The latest storm charging in from the Pacific is a category 1 or 2 atmospheric river on a scale of 1 to 5, with 5 being the strongest, according to scientists at the Scripps Institution of Oceanography at UC San Diego.

Forecasters said it is expected to deliver about 2 inches of rain to most Bay Area cities Thursday and Friday, 3 to 5 inches in the Santa Cruz Mountains, and 4 to 6 inches in Big Sur, with the heaviest rain from midnight to 6 a.m. Thursday morning.

“There could be local impacts,” said Jan Null, a meteorologist with Golden Gate Weather Services in Half Moon Bay. “A slower morning commute, clogged gutters. It will be breezy. But no major flood risk. The models have backed off on this one.”

Concerns are higher for the Los Angeles area, where there are fears of mudslides and debris flows in areas that burned last month in the Palisades and Eaton fires.

Ever since October, Northern California has seen consistently more rain than Southern California. On Wednesday, San Francisco had received 105% of its normal rainfall, while Los Angeles had received only 31% of its historical average. The last two weeks in Northern California north of Interstate 80 have been very wet.

The rain has been so plentiful that operators of the largest reservoirs have been increasing water releases in recent days to make space for the latest storm.

At Shasta Lake, federal dam operators have let out 60,000 cubic feet per second since Saturday through the outlet valves at the massive Shasta Dam. That’s 450,000 gallons a second, the equivalent of 40 Olympic swimming pools every minute.

Raging torrents of water have cascaded into the Sacramento River, sending the 34-mile-long reservoir, a key linchpin of the state’s water supply, from 90% full on Friday to 84% full Wednesday.

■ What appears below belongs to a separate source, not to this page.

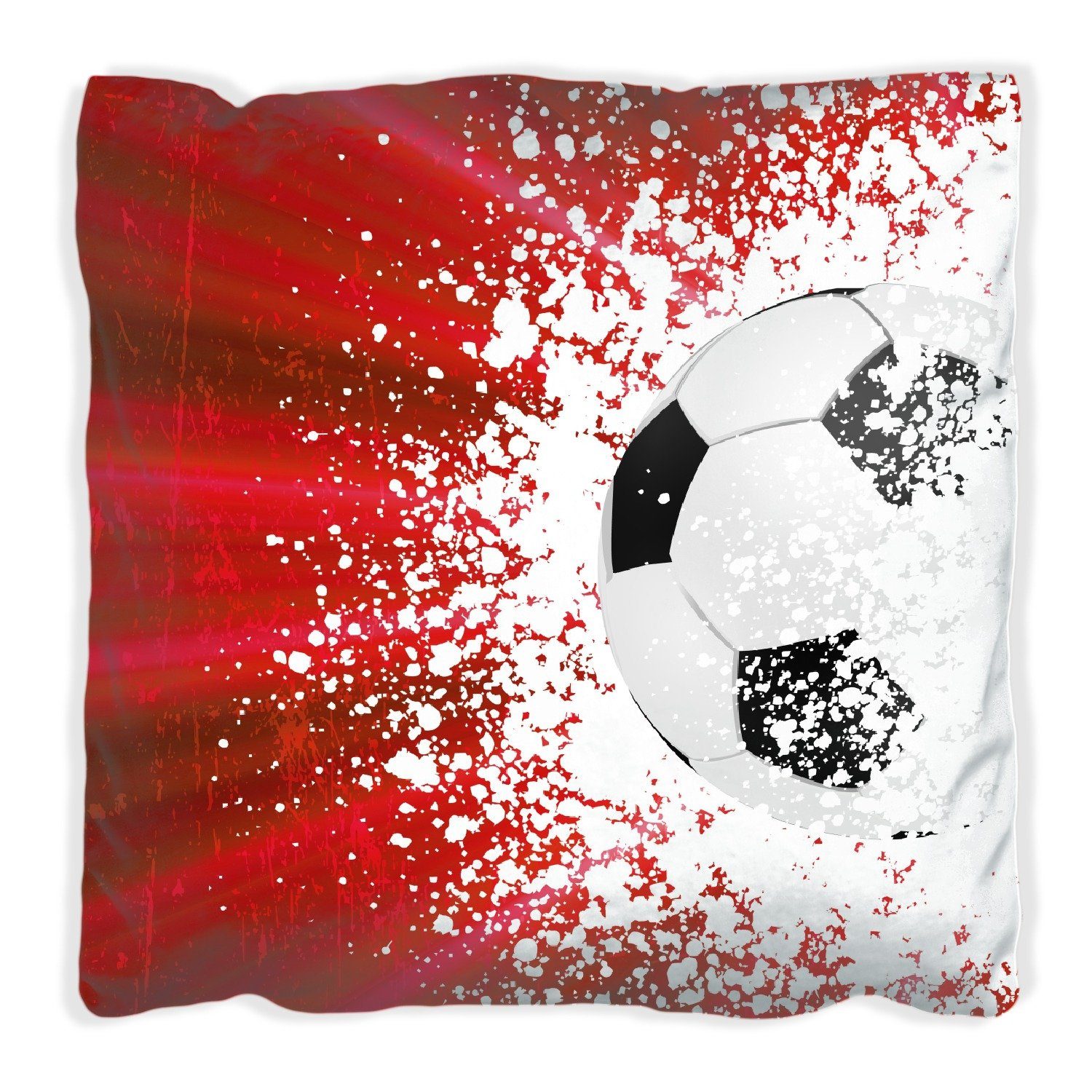 Wallario Dekokissen Fußball - Splashing Design in rot, handgenäht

“It’s always troubling for people to see water let out,” Mount said. “But you have to keep some space to catch floods, and then hope the melting snow in the spring fills the reservoir back to the top.”

Mount said he fully expects both Shasta and Oroville to be full this spring as runoff continues from the storms, and later, from the melting Sierra snowpack. That means there should be no water restrictions again this summer for cities in most of Northern California, he said.

Similarly, at Oroville Dam, south of Chico, the state’s second-largest reservoir at Lake Oroville rose 23 feet from Feb. 1 to Feb. 7 amid a series of big storms. State dam operators are releasing 30,000 cubic feet per second, lowering it to 83% full on Wednesday.

It’s a delicate balancing act, experts say. If reservoirs fill to the top too quickly in big storms, large amounts of water are released down their spillways, causing flooding to homes and communities downstream. In extreme cases, water can overtop dams, causing a risk of failure.

Operators at most large dams in California rely on a manual called a “rule curve,” which is set by the U.S. Army Corps of Engineers. Evaluating decades of rainfall patterns, it recommends the highest level that each reservoir should be kept at every day, an amount that gradually increases later in the spring as winter storms dissipate.

“You are playing the odds,” Mount said. “What you are trying to do is balance the risk of not ending up with enough water in the spring against the risk of having too much in the winter, where you’ll get flooding.”

On Wednesday, nearly every major reservoir in the state, including in Southern California, was above its historical average, the product of three wet winters, and the state and federal systems that move water from the wetter north to the drier south. In California, 75% of the precipitation falls in the north, but 75% of the people live in the south.

Thursday’s storm was also expected to boost the Sierra Nevada snowpack, the source of about one-third of the state’s water supply each year. The National Weather Service issued a winter storm warning for the Sierra Nevada through 10 p.m. Friday. Forecasters said the Lake Tahoe area would receive 2 to 4 feet of snow with winds at the highest elevations up to 100 mph, with road closures likely on Thursday and Friday.

The Northern Sierra snowpack was 110% of normal Wednesday, but the Southern Sierra was at just 55%.

After Friday’s storm, the Bay Area should expect dry conditions for at least a week, Null said.

“It’s going to move through our area pretty rapidly,” he added.